There is a total distrust of anything the Prime Minister and his cronies want to do. The offer of a general election was suspected of being yet another pawn in Dominic Cummings’ great game. It was “a bit like the offer of an apple to Snow White”, said Jeremy Corbyn. “Not an apple or even an election, but the poison of a no deal.”
Or, as Labour MP Jess Philips put it, “The PM is playing some bully-boy game, that I’m probably not able to understand more than parliamentary procedures. What we have here is a game where we’re not being told what the rules are… this is some game that three men inside Downing Street have come up with to try and game the system so that they win.”
The incredibility of Johnson’s position was total – blasting the opposition for hampering negotiations with the EU that aren’t even happening. No level of goading – Johnson called Corbyn a “chlorinated chicken” and a “big girl’s blouse” – could make the opposition take the bait and go for the election the government wanted.
The thing about shock and awe tactics is that people in shock tend to shut down, which is exactly what parliament is now seemingly doing to any government ploy.
Throughout PMQs, Boris Johnson’s words were catching up with him. And not only on Brexit.
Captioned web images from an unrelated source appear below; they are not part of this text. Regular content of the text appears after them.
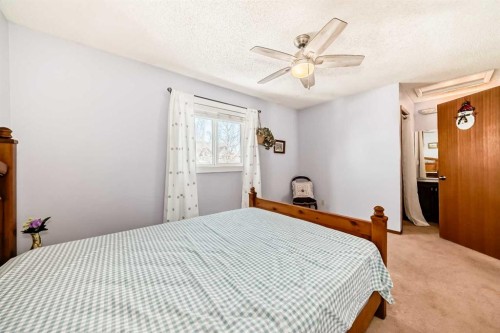 216 Hawkwood Boulevard Nw, Calgary, AB - Indoor Photo Showing Bedroom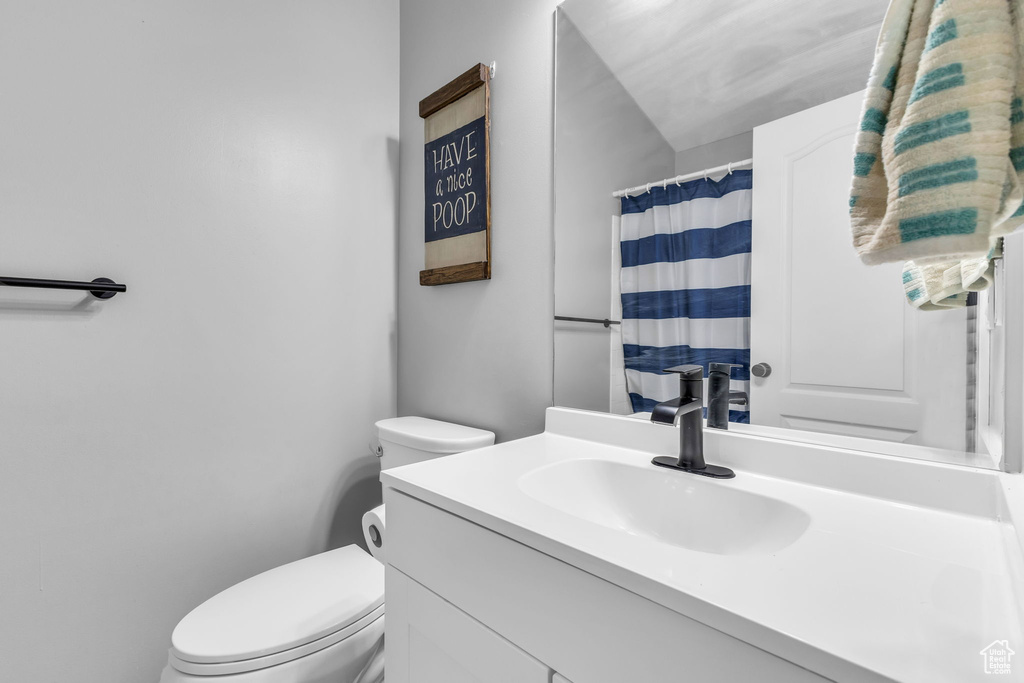 Full bathroom with toilet, vanity, and curtained shower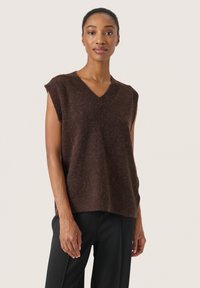 Top fără mâneci din lână brună, cu decolteu �în V, având o croială lejeră și tiv cu nervuri. Textură netedă, aspect moale și design ușor.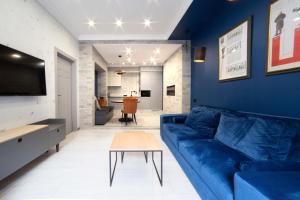 sala de estar con sofá azul y mesa en Дизайнерські апартаменти на вулиці Краківській 17 в центрі Львова, en Leópolis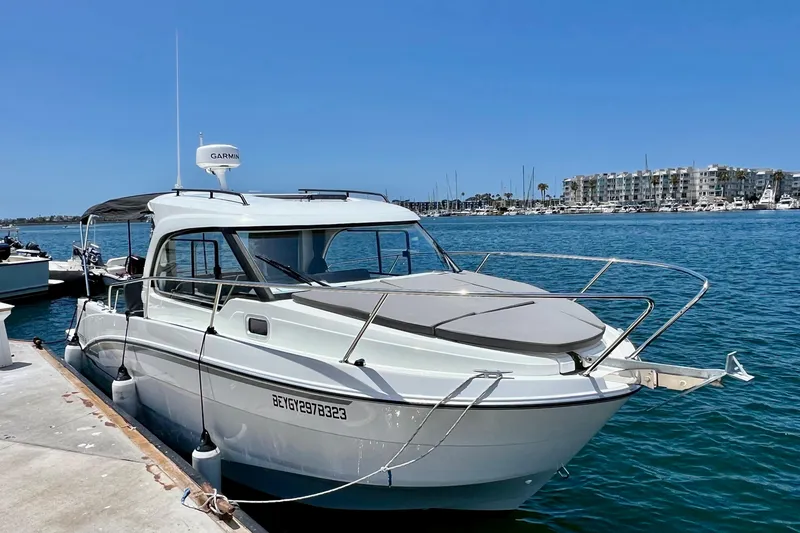 Slide: The Image of 2023 Beneteau Antares 8 docked at marina, clear blue sky and water. - 11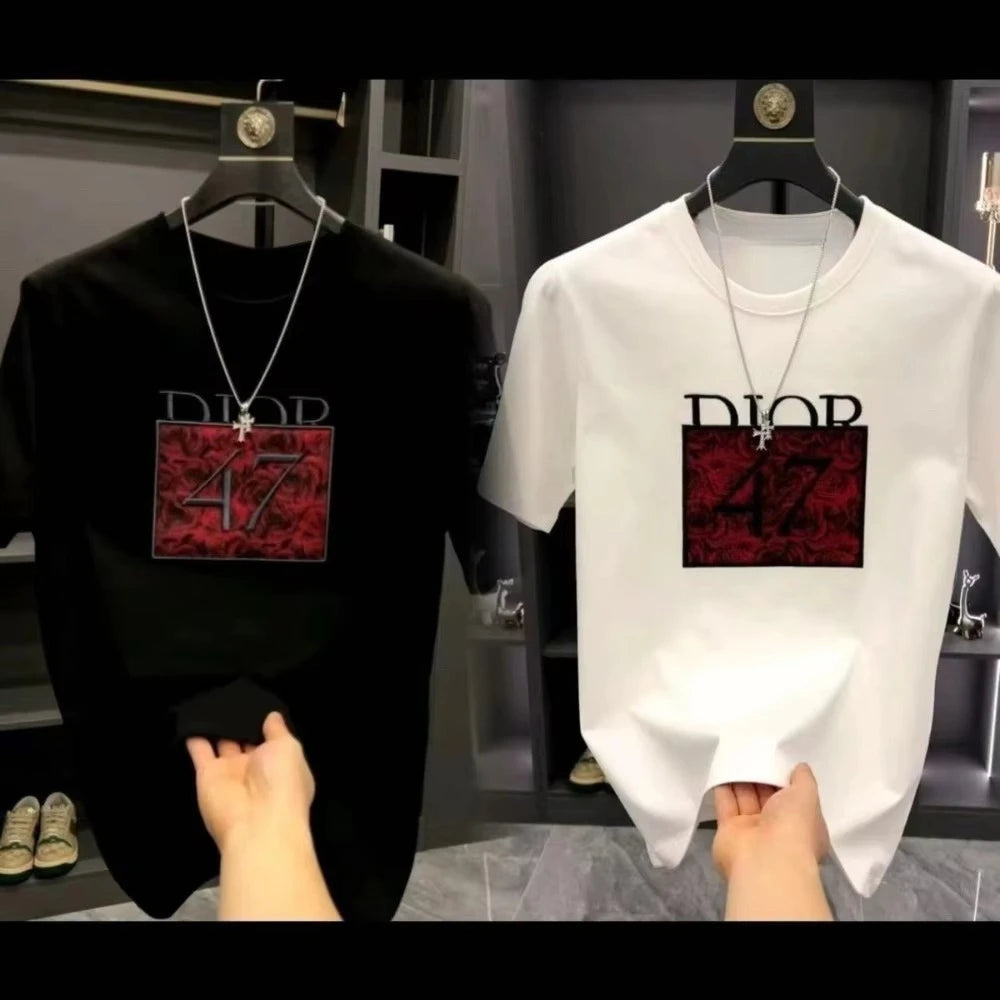 Black and white t-shirts with red and black 'Dior' logo on hangers.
In a stand-out moment, Tanmanjeet Singh Dhesi, the Labour MP for Slough, rounded on the Prime Minister for his remarks in the Daily Telegraph that women who wear the burka look like “ninjas” and “letterboxes”.
To applause, the MP asked, “If I decide to wear a turban, or you decide to wear a cross, or he decides to wear a kippah or skullcap, or she decides to wear a hijab or a burka, does that mean that it is open season for members of this house to make derogatory or divisive remarks about our appearance?”
Johnson failed to answer his follow up question: “When will the prime minister finally order an inquiry into Islamophobia in his party, something which both he, and his chancellor, promised on national television?”
It was not the first question of the day that Johnson failed to answer, but it may have been the most powerful.
Johnson is looking rattled and weak, discovering that you can lie and confuse and shithouse your way to the highest office in the land, but possibly only because your electorate is made up of about 150,000 bigots.
In the wider picture there may be some kind of weird Trumpian logic at play, where the worse Johnson does in Parliament, the better it is for the election tactic of painting himself as the antithesis to out-of-touch, anti-Brexit politicians. For now, though, it’s just pretty fun to watch the exasperation of a born-to-rule Etonian who can’t rule much of anything at all.